**DATA PROVIDED:**
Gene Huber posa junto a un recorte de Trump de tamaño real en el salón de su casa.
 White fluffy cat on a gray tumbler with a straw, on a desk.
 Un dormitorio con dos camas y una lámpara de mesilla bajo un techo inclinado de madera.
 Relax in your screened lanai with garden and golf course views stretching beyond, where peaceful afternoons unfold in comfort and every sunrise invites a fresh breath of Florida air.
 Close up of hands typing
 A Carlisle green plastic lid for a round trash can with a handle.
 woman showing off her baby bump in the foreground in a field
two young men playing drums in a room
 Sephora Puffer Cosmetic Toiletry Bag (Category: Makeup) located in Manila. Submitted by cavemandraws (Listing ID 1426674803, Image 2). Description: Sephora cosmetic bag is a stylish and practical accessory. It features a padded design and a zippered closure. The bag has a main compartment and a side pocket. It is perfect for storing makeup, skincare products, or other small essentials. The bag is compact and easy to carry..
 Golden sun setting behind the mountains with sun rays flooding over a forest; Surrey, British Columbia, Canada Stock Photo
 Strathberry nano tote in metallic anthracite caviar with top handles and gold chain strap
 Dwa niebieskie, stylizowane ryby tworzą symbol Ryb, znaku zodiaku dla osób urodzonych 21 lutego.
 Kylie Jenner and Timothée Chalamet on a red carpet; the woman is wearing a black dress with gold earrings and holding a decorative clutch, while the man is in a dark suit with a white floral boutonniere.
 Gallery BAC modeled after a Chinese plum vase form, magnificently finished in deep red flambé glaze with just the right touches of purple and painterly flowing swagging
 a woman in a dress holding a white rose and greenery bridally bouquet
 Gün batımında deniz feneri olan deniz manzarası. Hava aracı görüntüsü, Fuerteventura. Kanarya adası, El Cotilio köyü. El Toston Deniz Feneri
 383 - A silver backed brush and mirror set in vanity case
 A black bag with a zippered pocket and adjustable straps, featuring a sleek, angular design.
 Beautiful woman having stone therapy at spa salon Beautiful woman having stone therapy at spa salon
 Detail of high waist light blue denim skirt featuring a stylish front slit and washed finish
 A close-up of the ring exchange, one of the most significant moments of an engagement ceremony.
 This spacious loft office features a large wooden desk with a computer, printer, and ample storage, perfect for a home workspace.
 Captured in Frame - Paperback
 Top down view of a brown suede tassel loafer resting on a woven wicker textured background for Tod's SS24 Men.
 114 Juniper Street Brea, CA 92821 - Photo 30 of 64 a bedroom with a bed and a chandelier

**WORK TO BE COMPLETED:**
Once the line containing "Kylie Jenner and" has been written out, please stop; every line before it, back to the first line of the records above, should be given exactly.

**EXERCISE ANSWER:**
Gene Huber posa junto a un recorte de Trump de tamaño real en el salón de su casa.
 White fluffy cat on a gray tumbler with a straw, on a desk.
 Un dormitorio con dos camas y una lámpara de mesilla bajo un techo inclinado de madera.
 Relax in your screened lanai with garden and golf course views stretching beyond, where peaceful afternoons unfold in comfort and every sunrise invites a fresh breath of Florida air.
 Close up of hands typing
 A Carlisle green plastic lid for a round trash can with a handle.
 woman showing off her baby bump in the foreground in a field
two young men playing drums in a room
 Sephora Puffer Cosmetic Toiletry Bag (Category: Makeup) located in Manila. Submitted by cavemandraws (Listing ID 1426674803, Image 2). Description: Sephora cosmetic bag is a stylish and practical accessory. It features a padded design and a zippered closure. The bag has a main compartment and a side pocket. It is perfect for storing makeup, skincare products, or other small essentials. The bag is compact and easy to carry..
 Golden sun setting behind the mountains with sun rays flooding over a forest; Surrey, British Columbia, Canada Stock Photo
 Strathberry nano tote in metallic anthracite caviar with top handles and gold chain strap
 Dwa niebieskie, stylizowane ryby tworzą symbol Ryb, znaku zodiaku dla osób urodzonych 21 lutego.
 Kylie Jenner and Timothée Chalamet on a red carpet; the woman is wearing a black dress with gold earrings and holding a decorative clutch, while the man is in a dark suit with a white floral boutonniere.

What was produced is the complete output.